Aquella noche fue previamente anunciada a nuestros antepasados*, para que se animasen, sabiendo bien en qué juramentos habían creído. Tu pueblo esperaba la salvación de los justos y la destrucción de los enemigos, pues con lo que castigaste a los adversarios nos glorificaste, llamándonos a ti*. Los santos hijos de los buenos* ofrecían sacrificios en secreto y establecían unánimes esta ley divina: que los santos compartirían los mismos bienes y peligros, cantando previamente las alabanzas de los antepasados*. Les respondía el grito disonante de los enemigos y cundían los lamentos de los que lloraban a sus hijos. El esclavo y el amo sufrían idéntico castigo, y el plebeyo padecía la misma pena que el rey. Todos por igual tenían cadáveres incontables, con un mismo tipo de muerte. No había vivos suficientes para enterrarlos, porque en un instante pereció lo mejor de su raza.

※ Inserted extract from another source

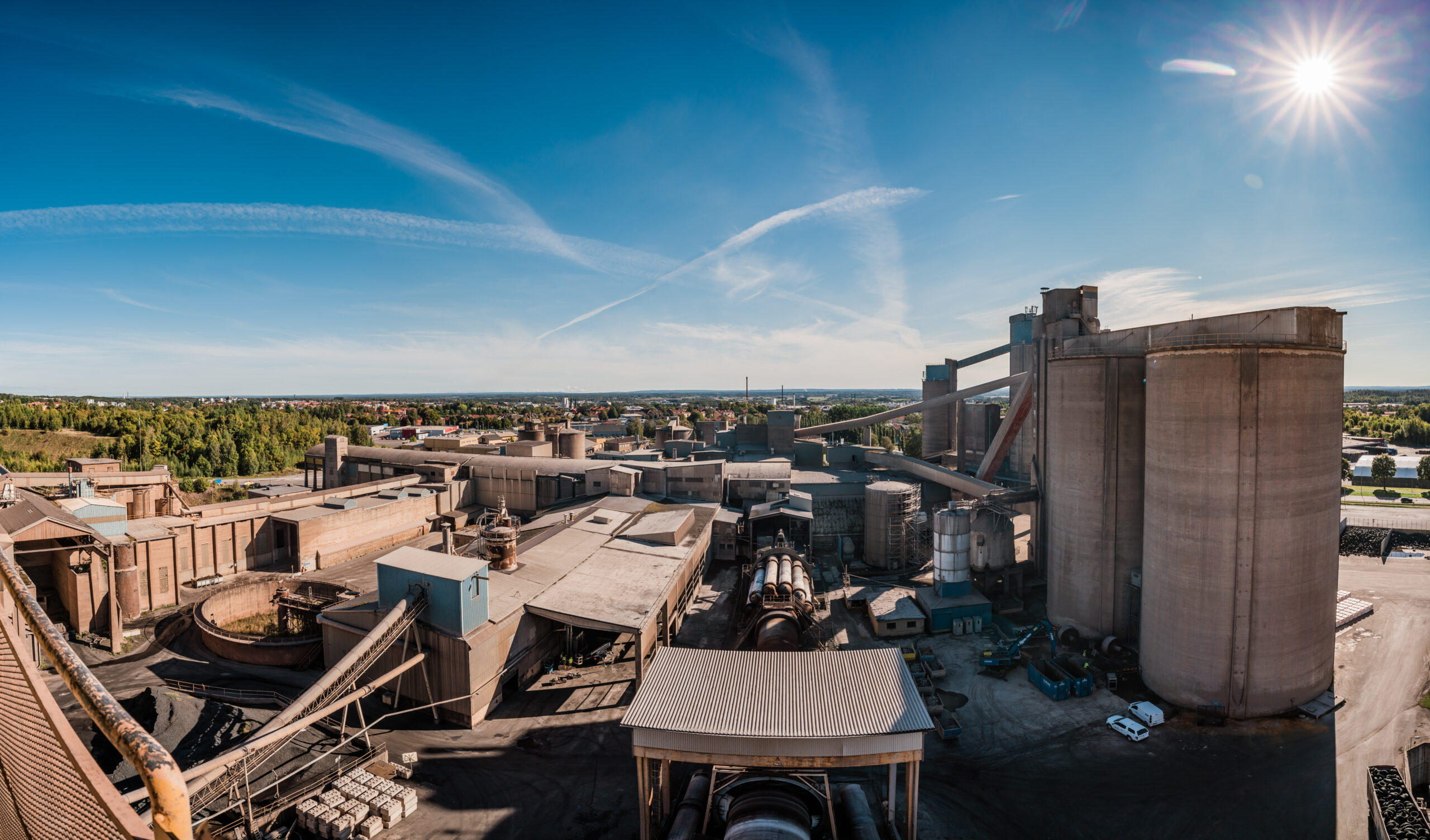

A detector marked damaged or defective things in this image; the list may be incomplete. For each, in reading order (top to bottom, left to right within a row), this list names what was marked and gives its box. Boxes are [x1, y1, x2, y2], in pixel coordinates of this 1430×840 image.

Los que no creían en nada a causa de las artes mágicas, ante la muerte de los primogénitos acabaron por reconocer que aquel pueblo era hijo de Dios*. Cuando un silencio apacible lo envolvía todo y la noche llegaba a la mitad de su carrera, tu palabra omnipotente se lanzó desde los cielos, desde el trono real, cual guerrero implacable, sobre la tierra condenada*, empuñando la espada afilada de tu decreto irrevocable; y cuando se detuvo, todo lo llenó de muerte; tocaba el cielo mientras pisaba la tierra. Entonces* les sobresaltaron de repente sueños y visiones terribles, les sobrevinieron terrores imprevistos; tendidos por todas partes y medio muertos, daban a conocer la causa de su muerte, pues sus sueños perturbadores se lo habían predicho, para que no pereciesen sin conocer la razón de su desgracia.